"It was good to have legal scholars and legally-minded people who presented the information as data so I could work with it to run regressions to understand the law’s impact. Not having to compile the data myself freed up my ability to develop measurements and do the analysis, and reduced coding errors I may have introduced because of my lack of legal knowledge."
Bryce’s story:
In 2014, I was looking for data related to prescription drug monitoring programs to identify ways of evaluating their impact because up to that point, any research had been largely inconclusive. I wanted to know what comprised PDMPs in different states. I’m not a lawyer, so when I was looking for legal information, LawAtlas data was really the only data that existed that I could use in my research.
I do not have a legal background, and while I could learn, that’s a lot of time and experience. It was good to have legal scholars and legally-minded people who presented the information as data so I could work with it to run regressions to understand the law’s impact. Not having to compile the data myself freed up my ability to develop measurements and do the analysis, and reduced coding errors I may have introduced because of my lack of legal knowledge.

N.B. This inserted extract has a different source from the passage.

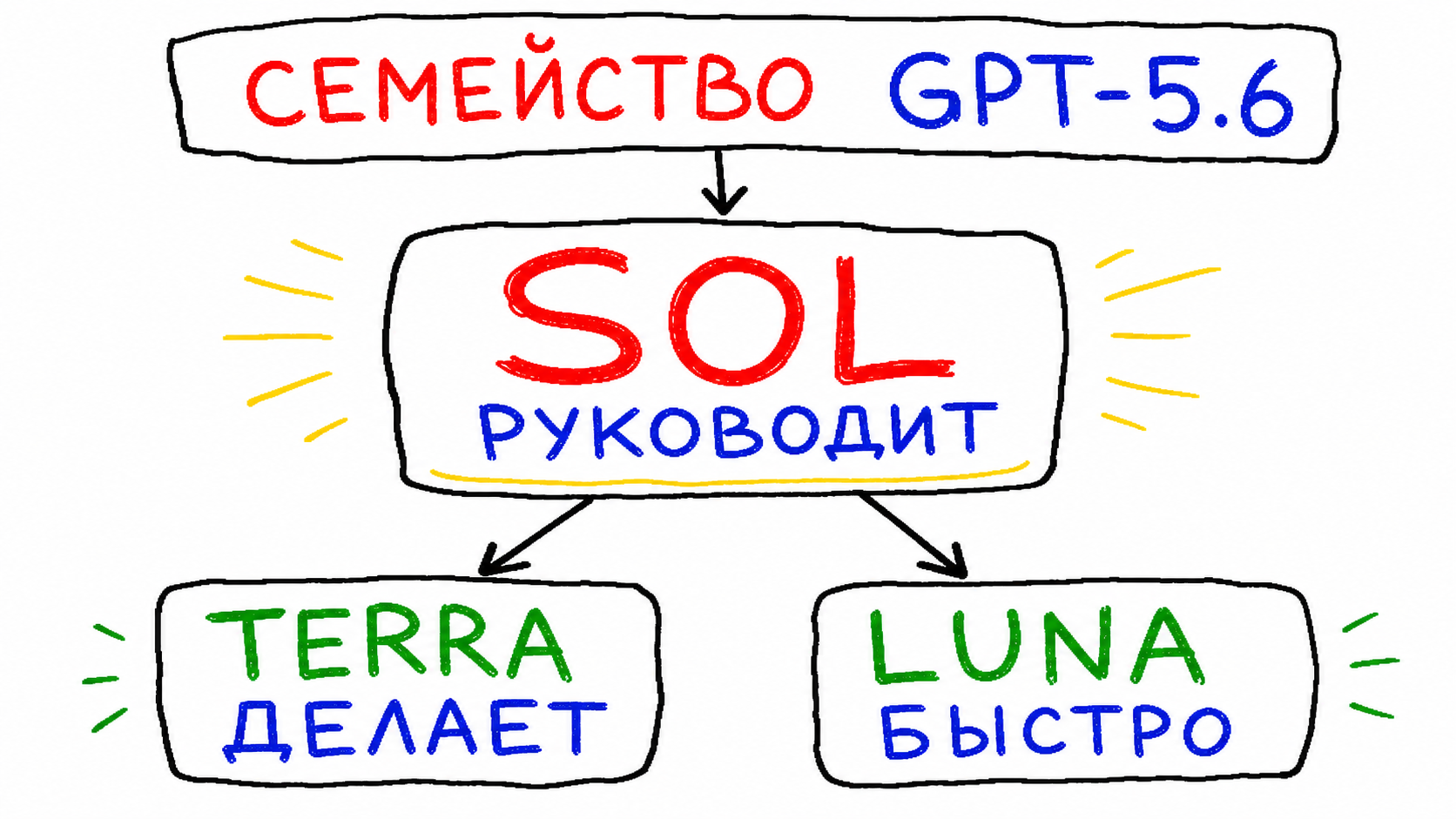 GPT-5.6 в работе: Sol, Terra и Luna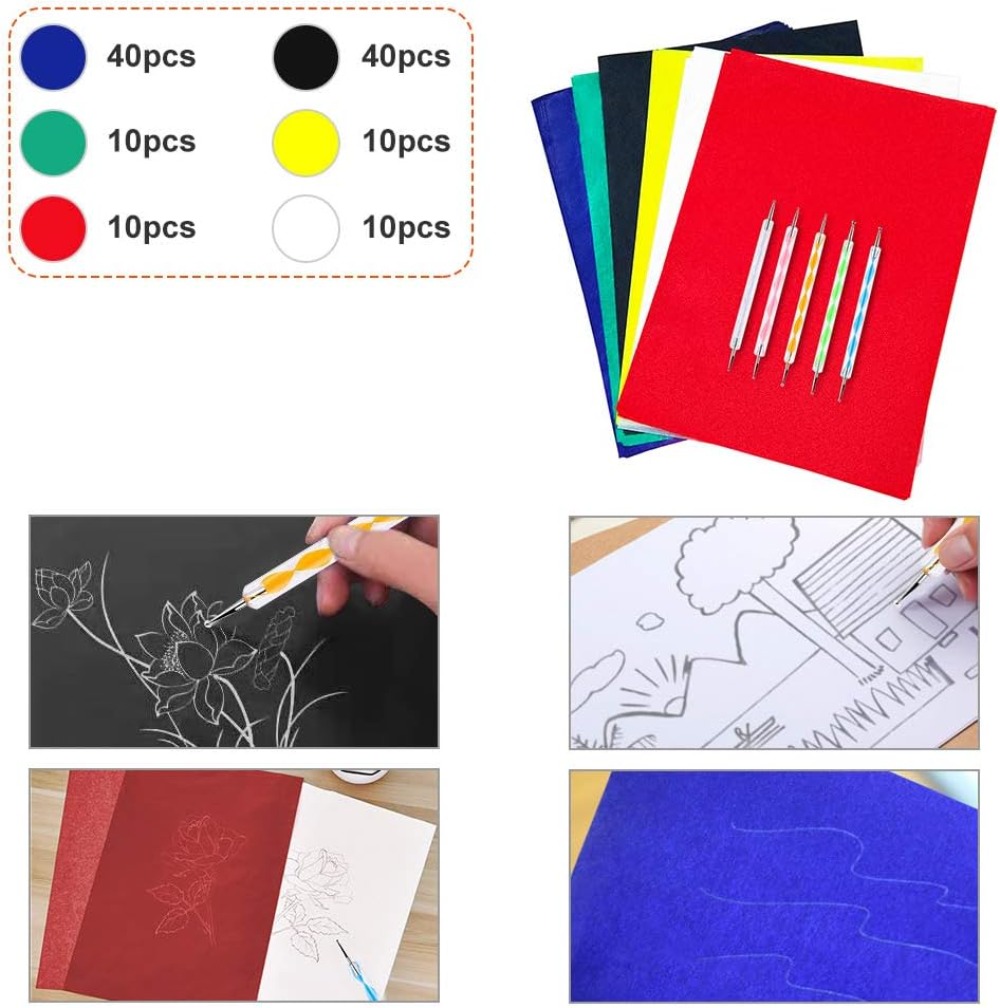 120pcs A4 Transfer Paper with  - Embroidery Paper recensie en prijs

The complexity of the legal data is also an asset. Basic legal data is often a binary variable — does the law exist in a place or not. That is a flawed analytical mechanism. Whether or not a state law is in place doesn’t tell you much, but being able to see all the components and access robust measures, like reporting requirements, or funding mechanisms, lets you do more complex evaluation. More complexity in the data gives you a better picture of what’s going on.
In an active legal space like the one I study, we can keep passing laws, but if it comes out that it doesn’t have any effect, we’re just wasting our money. Having that legal information allows someone like me, a public policy PhD candidate, to ask what does it mean to have this law in place, and not just the law but what is in the law.
Bryce Pardo has published his research evaluating whether prescription drug monitoring programs reduce opioid overdose in the journal Addiction. He is a PhD candidate at University of Maryland in the Department of Public Policy.